_WHAT IS REQUIRED_. Take the lines in the listing below from the line with "Used 2025 Chevrolet" up to and including the line with "ヴ*い様 アズールレーン 尾張 フィギュア ガレージキット 塗装済み完成品" and set them down exactly, skipping pictures and adding nothing.

_DATA SHOWN_.
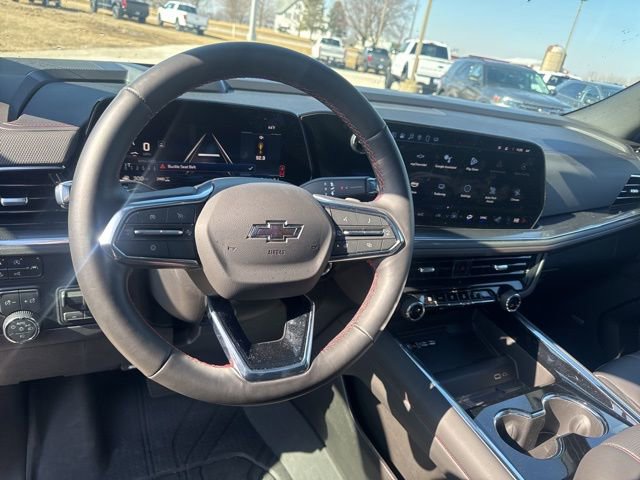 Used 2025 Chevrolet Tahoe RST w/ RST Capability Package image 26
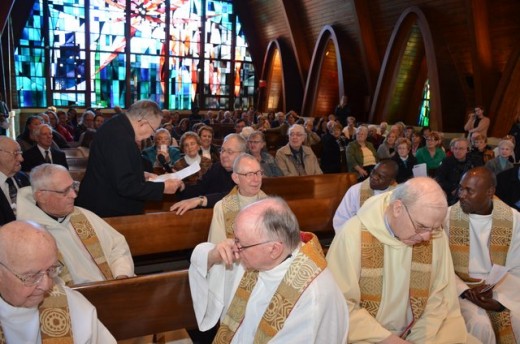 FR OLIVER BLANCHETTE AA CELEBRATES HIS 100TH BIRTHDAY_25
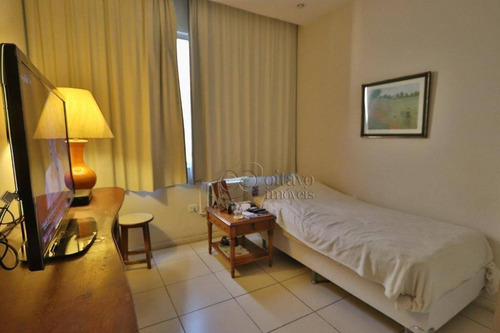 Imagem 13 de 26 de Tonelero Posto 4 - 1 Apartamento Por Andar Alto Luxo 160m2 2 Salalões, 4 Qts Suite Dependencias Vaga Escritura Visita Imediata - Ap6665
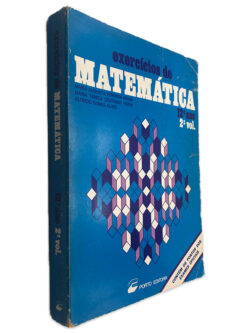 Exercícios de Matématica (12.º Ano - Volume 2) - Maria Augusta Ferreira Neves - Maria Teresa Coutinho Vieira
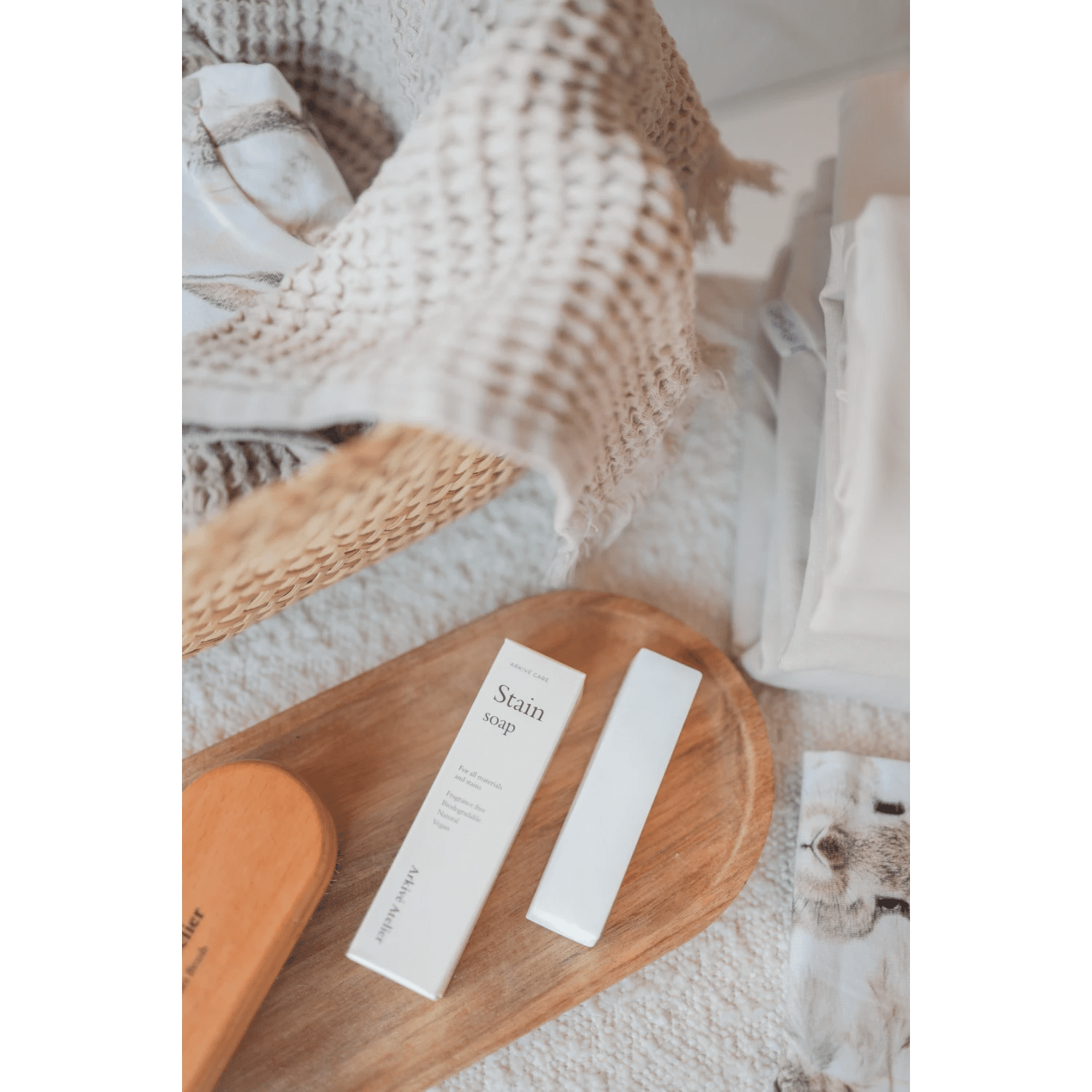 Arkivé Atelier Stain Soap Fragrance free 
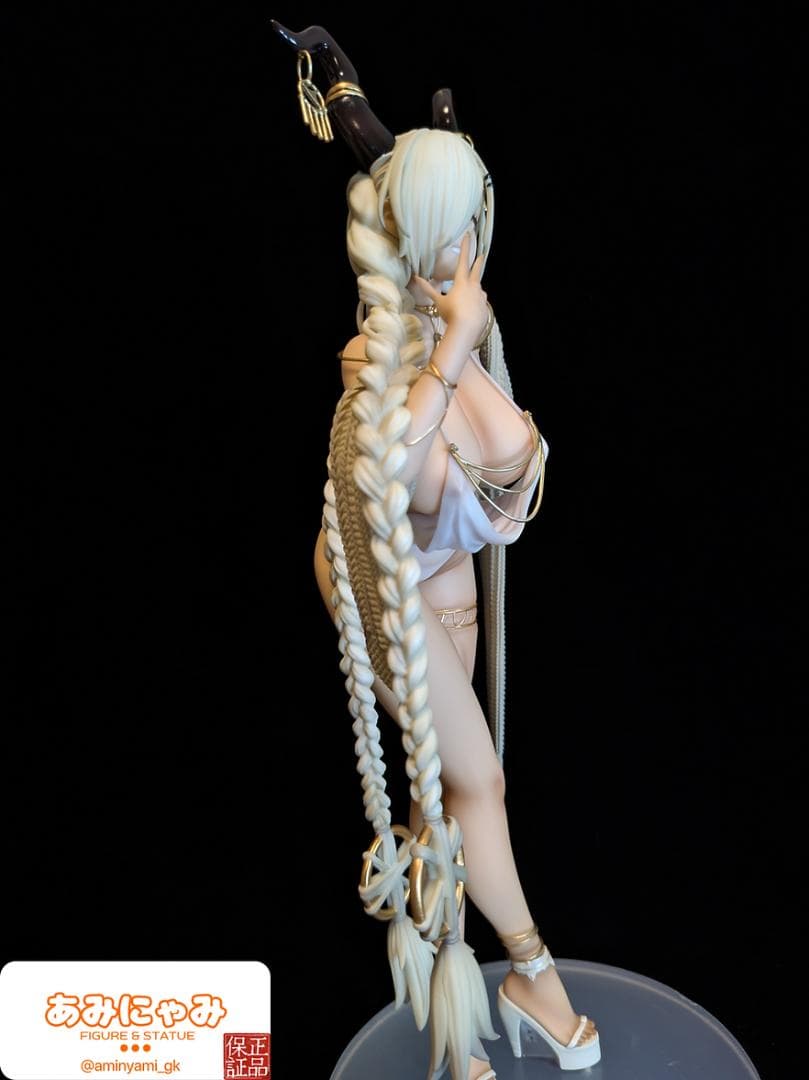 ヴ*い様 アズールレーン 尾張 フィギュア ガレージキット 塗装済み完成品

--

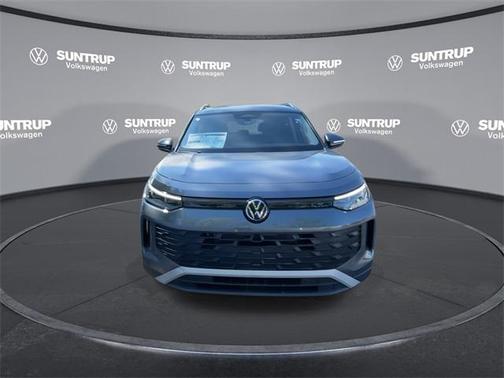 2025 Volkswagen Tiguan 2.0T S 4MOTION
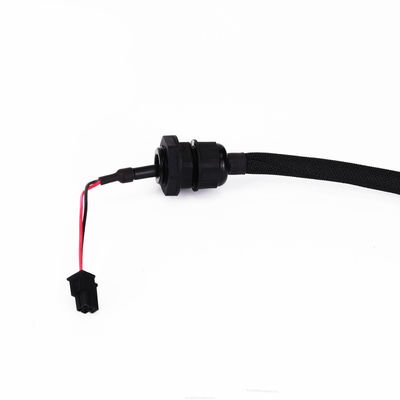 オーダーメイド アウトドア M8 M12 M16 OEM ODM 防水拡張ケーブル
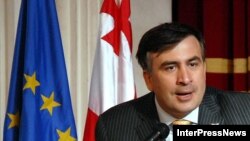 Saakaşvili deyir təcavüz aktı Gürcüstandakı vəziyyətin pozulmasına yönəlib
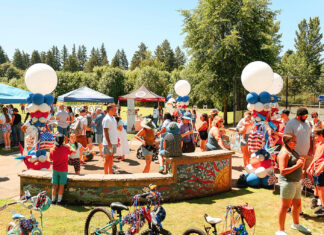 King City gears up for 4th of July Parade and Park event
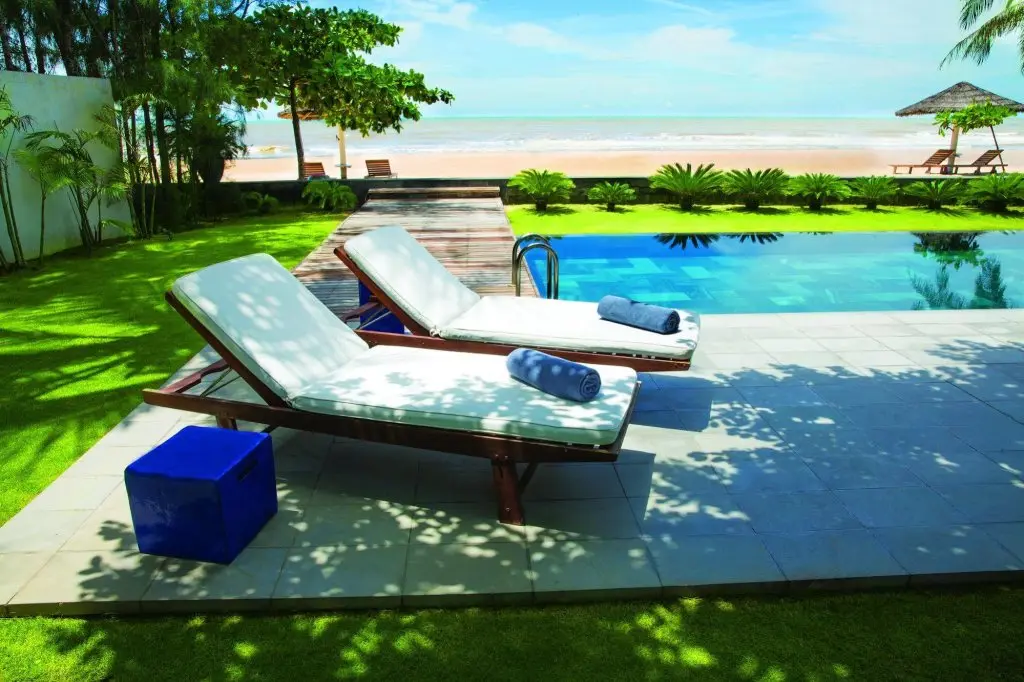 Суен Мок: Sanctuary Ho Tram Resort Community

_TASK SOLUTION_.
 Used 2025 Chevrolet Tahoe RST w/ RST Capability Package image 26
 FR OLIVER BLANCHETTE AA CELEBRATES HIS 100TH BIRTHDAY_25
 Imagem 13 de 26 de Tonelero Posto 4 - 1 Apartamento Por Andar Alto Luxo 160m2 2 Salalões, 4 Qts Suite Dependencias Vaga Escritura Visita Imediata - Ap6665
 Exercícios de Matématica (12.º Ano - Volume 2) - Maria Augusta Ferreira Neves - Maria Teresa Coutinho Vieira
 Arkivé Atelier Stain Soap Fragrance free 
 ヴ*い様 アズールレーン 尾張 フィギュア ガレージキット 塗装済み完成品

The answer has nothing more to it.